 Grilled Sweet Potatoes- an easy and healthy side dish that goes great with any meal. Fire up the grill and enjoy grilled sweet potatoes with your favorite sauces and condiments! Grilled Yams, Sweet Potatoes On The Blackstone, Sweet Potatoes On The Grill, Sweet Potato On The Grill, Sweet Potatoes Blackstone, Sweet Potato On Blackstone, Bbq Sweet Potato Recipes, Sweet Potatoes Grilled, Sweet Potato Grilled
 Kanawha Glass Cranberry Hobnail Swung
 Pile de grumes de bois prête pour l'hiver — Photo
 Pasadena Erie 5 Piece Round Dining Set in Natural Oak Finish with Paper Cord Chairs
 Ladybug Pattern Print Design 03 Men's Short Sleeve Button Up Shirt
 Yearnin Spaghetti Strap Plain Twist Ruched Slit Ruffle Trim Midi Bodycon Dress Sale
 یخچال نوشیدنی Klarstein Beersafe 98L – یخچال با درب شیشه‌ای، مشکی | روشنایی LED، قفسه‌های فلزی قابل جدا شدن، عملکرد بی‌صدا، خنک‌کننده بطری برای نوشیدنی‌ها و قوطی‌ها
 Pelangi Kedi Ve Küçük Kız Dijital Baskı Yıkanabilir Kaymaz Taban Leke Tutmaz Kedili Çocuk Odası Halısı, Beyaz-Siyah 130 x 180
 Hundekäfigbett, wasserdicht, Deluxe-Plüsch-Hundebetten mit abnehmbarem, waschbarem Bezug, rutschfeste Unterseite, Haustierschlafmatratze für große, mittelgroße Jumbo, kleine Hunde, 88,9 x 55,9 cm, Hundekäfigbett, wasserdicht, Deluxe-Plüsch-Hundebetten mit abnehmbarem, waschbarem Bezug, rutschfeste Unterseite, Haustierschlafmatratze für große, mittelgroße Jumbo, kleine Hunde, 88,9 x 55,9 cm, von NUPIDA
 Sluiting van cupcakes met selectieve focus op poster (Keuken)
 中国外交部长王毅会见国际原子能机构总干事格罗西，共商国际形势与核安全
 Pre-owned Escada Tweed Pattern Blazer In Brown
——
**TO DO**
Each line in the data that holds the word "with" must be copied.

**OUTPUT OF THE TASK**
 Grilled Sweet Potatoes- an easy and healthy side dish that goes great with any meal. Fire up the grill and enjoy grilled sweet potatoes with your favorite sauces and condiments! Grilled Yams, Sweet Potatoes On The Blackstone, Sweet Potatoes On The Grill, Sweet Potato On The Grill, Sweet Potatoes Blackstone, Sweet Potato On Blackstone, Bbq Sweet Potato Recipes, Sweet Potatoes Grilled, Sweet Potato Grilled
 Pasadena Erie 5 Piece Round Dining Set in Natural Oak Finish with Paper Cord Chairs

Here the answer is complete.